Bermingham’s refreshing take on Ratched goes beyond the familiar embodiment of an inhuman authoritarian mercilessly defending her orderly routines against a disruptive influence. Instead, she gives us a more personalized sadist who from the outset delights in using red tape to emasculate not only her patients but her psychiatrist supervisor (Cliff DeYoung) as well. Her battles with McMurphy become more of a contest between equals -- both exploit the system to advance their agendas.

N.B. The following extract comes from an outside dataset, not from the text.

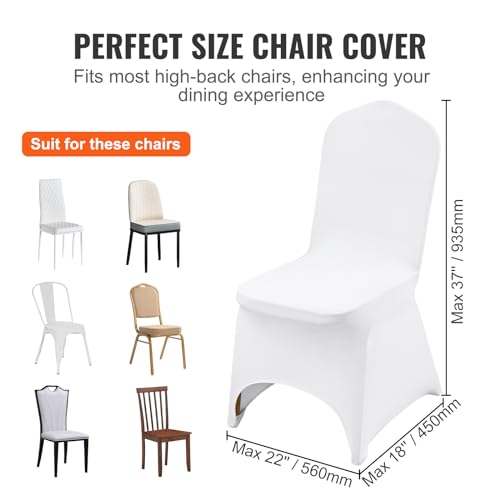 Image of VEVOR 100 Pcs White Chair Covers Polyester Spandex Chair Cover Stretch Slipcovers for Wedding Party Dining Banquet Chair Decoration Covers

A key difference from the film is the greater importance given Chief Bromden, the towering, nearly catatonic Native American inmate whose trampled psyche and pride are revived under McMurphy’s life-loving influence. Reprising his role from the 2001 Broadway revival is the hauntingly effective Tim Sampson (whose father played Bromden in the film). Bromden narrates Kesey’s novel, and his paranoid internal visions of the all-powerful Combine are vividly realized by multimedia designer Mark Ciglar.

A superb ensemble cast convincingly differentiates the lovable but heartbreaking ward loonies (Joseph Fuqua, John Ainsworth, Travis Michael Holder, Dan Gunther, John Slade, Nick Santoro); Kara Revel lights up their lives as the sweet-hearted hooker McMurphy smuggles in for an illicit party that leads to climactic tragedy.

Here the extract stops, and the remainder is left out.